On Wed, Jun 12, 2019 at 9:24 PM Tom Rini trini@konsulko.com wrote:
On Wed, Jun 12, 2019 at 09:15:11PM +0530, Jagan Teki wrote:
On Wed, Jun 12, 2019 at 7:08 PM Tom Rini trini@konsulko.com wrote:
On Wed, Jun 12, 2019 at 01:03:46PM +0530, Jagan Teki wrote:
On Thu, May 30, 2019 at 2:33 AM Tom Rini trini@konsulko.com wrote:
Add a new option, CONFIG_DEPRECATED, for code that relies on deprecated functionality and has not been converted past the deadline for conversion.
Signed-off-by: Tom Rini trini@konsulko.com
Kconfig | 7 +++++++ 1 file changed, 7 insertions(+)
diff --git a/Kconfig b/Kconfig index a02168690f5b..436308854d0c 100644 --- a/Kconfig +++ b/Kconfig @@ -20,6 +20,13 @@ config BROKEN This option cannot be enabled. It is used as dependency for broken and incomplete features.
+config DEPRECATED
bool
help
This option cannot be enabled. It it used as a dependency for
code that relies on deprecated features that will be removed and
the conversion deadline has passed.
then, what would be the exact diff b/w broken vs deprecated? I do see same meaning in terms of code maintenance, though it is working or non-working.
It is a matter of human language. There was objection to using broken as technically the code functions (and thus is not broken) but does use deprecated APIs.
Since broken also refer "incomplete features" in kconfig help, I thought this kind of depreciated meaning will literally look similar to broken. based on my experience with other opensource project like, buildroot does also use broken with same meaning as broken. Giving two options of similar meaning atleast from code maintenance point-of-view leads confusion to developers which is the appropriate one to use. I don't see any problem of marking broken with incomplete code (assuming human can treate legacy code or code would require dm conversion as incomplete), giving space for another config option with similar meaning doesn't worth to hold.

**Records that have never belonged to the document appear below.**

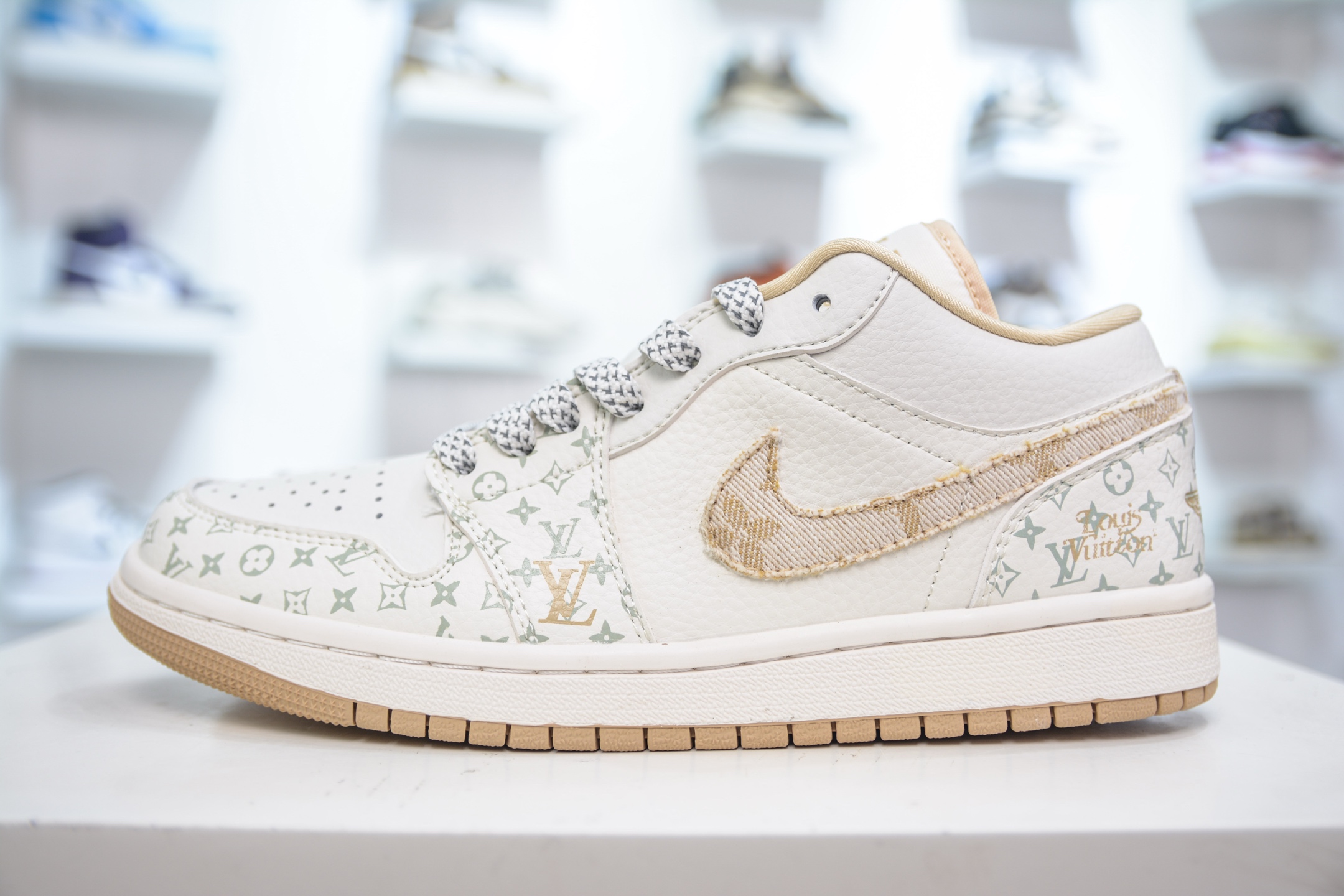 Nike Air Jordan 1 Low x Louis Vuitton White/Yellow Premium Leather Sneakers 2 i1750279066058 9063 0 0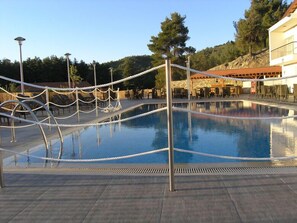 Seasonal outdoor pool, open 10:00 AM to 5:00 PM, pool loungers - Livadia Hotel Kyperounta (Kyperounta)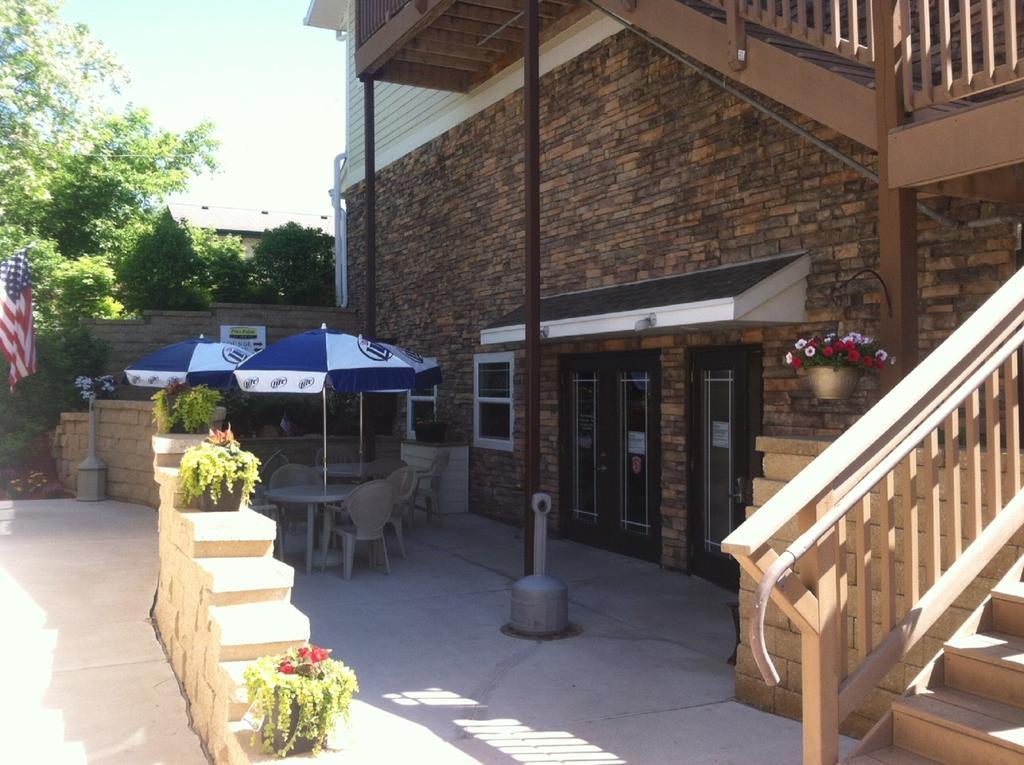 Price Pointe Inn Waukesha Exterior foto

And there is disagreement with that point of view. Given the intention and use of both BROKEN and DEPRECATED, having both and using whichever seems better, given the normal usage of both words in english, seems more productive than having a thread on if "was not converted to DM by deadline" means "broken" or "deprecated". I'd rather we all focus on converting what should get converted or pushing things along to remove the boards/platforms eventually that are functionally useless as they've had most features turned off.
OK. I have no inputs say further.
Will you take this? or shall I send the PR?